▶ **DATA UNDER STUDY**
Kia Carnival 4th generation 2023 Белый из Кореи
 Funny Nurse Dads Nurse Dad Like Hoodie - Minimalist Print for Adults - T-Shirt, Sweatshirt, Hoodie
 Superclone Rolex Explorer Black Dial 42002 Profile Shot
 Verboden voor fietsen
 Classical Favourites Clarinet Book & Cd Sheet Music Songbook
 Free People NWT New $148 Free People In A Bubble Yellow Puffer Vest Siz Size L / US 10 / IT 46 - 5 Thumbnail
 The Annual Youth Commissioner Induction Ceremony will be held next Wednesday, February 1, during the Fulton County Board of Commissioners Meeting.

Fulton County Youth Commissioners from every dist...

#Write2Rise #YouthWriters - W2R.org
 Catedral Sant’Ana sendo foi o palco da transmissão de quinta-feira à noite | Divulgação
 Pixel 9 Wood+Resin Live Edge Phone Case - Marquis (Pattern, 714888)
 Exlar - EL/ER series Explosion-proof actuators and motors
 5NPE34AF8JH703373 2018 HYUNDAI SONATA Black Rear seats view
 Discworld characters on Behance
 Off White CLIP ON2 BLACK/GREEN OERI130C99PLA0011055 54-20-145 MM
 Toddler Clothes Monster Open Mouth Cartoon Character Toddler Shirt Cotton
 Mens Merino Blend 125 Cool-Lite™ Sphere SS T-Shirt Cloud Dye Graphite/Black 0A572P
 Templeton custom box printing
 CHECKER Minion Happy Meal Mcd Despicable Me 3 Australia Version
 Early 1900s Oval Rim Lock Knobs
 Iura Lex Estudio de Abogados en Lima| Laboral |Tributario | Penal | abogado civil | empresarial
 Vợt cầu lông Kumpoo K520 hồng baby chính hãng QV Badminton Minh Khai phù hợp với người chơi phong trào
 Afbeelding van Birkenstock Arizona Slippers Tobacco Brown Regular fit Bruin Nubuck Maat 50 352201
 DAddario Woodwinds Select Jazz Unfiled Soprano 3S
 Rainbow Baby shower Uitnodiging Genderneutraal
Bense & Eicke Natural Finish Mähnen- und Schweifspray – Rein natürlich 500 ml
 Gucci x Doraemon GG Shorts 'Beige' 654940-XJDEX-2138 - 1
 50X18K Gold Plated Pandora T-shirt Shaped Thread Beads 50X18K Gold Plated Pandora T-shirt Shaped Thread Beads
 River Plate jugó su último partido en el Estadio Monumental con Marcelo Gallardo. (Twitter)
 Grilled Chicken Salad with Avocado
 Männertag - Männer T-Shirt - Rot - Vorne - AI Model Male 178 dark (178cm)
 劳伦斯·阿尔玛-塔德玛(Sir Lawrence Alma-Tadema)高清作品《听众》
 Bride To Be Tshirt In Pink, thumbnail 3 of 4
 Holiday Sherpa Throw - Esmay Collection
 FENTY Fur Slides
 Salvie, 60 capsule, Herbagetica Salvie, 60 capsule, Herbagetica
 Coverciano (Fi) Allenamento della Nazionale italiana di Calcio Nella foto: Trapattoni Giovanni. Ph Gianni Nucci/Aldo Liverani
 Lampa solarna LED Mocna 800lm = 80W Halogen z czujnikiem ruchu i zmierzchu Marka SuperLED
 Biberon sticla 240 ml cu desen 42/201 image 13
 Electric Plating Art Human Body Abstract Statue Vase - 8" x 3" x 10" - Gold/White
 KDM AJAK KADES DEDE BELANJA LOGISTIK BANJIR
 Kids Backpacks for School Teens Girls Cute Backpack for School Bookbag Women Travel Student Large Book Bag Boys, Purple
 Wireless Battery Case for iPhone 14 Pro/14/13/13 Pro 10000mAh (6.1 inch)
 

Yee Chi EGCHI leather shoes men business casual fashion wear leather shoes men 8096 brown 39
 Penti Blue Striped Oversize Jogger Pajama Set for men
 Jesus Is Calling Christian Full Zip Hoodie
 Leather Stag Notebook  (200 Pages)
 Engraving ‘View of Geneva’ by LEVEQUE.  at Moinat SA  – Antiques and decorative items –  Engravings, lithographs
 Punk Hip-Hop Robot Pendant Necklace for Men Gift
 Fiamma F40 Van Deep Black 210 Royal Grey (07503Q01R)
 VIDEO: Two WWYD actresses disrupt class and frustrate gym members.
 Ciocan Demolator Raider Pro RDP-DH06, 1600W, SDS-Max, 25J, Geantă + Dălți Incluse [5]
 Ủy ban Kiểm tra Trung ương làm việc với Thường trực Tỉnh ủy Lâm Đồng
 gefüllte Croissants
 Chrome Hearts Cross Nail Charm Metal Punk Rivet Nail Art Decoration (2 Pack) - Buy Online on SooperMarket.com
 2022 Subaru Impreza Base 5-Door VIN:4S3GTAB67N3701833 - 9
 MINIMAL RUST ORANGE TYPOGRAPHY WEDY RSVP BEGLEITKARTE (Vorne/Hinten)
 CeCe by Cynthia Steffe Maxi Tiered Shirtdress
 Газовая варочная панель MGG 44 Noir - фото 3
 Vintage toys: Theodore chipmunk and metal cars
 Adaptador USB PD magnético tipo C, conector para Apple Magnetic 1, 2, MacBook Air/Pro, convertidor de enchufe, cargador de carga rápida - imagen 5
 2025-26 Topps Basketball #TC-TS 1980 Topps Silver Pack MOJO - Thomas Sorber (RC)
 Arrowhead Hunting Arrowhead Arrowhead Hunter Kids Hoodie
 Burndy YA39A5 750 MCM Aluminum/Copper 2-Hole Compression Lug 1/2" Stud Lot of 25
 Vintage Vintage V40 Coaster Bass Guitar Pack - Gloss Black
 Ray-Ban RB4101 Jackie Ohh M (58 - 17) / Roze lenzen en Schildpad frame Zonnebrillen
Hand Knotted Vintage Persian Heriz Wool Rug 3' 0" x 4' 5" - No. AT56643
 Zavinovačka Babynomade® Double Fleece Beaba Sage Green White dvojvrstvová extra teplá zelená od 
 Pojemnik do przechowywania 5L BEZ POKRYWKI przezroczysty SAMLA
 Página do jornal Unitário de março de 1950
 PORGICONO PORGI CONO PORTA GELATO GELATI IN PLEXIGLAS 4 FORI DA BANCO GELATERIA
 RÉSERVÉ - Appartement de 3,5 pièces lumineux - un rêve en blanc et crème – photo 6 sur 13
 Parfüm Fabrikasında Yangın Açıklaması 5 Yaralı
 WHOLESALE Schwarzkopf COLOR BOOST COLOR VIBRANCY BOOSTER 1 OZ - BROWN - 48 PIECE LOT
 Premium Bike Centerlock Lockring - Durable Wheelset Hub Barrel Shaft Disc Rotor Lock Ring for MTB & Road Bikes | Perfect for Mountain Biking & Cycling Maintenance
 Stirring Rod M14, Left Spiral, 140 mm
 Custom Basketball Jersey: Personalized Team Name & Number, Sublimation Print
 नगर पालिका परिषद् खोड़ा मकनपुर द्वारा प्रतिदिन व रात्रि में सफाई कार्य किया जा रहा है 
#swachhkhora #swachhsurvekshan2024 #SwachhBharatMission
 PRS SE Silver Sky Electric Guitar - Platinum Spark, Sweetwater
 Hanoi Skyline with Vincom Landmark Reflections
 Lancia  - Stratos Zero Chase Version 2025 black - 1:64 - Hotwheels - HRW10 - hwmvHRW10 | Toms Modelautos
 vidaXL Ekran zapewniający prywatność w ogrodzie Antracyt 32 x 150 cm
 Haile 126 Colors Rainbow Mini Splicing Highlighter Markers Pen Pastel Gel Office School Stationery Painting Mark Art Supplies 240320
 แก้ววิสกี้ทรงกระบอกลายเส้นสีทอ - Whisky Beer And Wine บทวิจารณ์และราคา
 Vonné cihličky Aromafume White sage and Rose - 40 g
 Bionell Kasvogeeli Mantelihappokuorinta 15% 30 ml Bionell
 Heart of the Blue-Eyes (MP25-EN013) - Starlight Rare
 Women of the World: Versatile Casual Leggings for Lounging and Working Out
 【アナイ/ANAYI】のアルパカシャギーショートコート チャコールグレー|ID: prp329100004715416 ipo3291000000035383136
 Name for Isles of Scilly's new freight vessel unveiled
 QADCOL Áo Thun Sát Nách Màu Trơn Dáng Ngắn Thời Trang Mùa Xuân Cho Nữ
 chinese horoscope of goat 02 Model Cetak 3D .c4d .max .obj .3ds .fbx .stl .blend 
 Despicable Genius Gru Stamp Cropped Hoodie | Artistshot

▶ **REQUIREMENT**
From the records above, copy only the lines starting with the line that holds "Salvie, 60 capsule, Herbagetica Salvie, 60" and going on through the line that holds "Coverciano (Fi) Allenamento", exactly as written.

▶ **FINISHED EXERCISE**
 Salvie, 60 capsule, Herbagetica Salvie, 60 capsule, Herbagetica
 Coverciano (Fi) Allenamento della Nazionale italiana di Calcio Nella foto: Trapattoni Giovanni. Ph Gianni Nucci/Aldo Liverani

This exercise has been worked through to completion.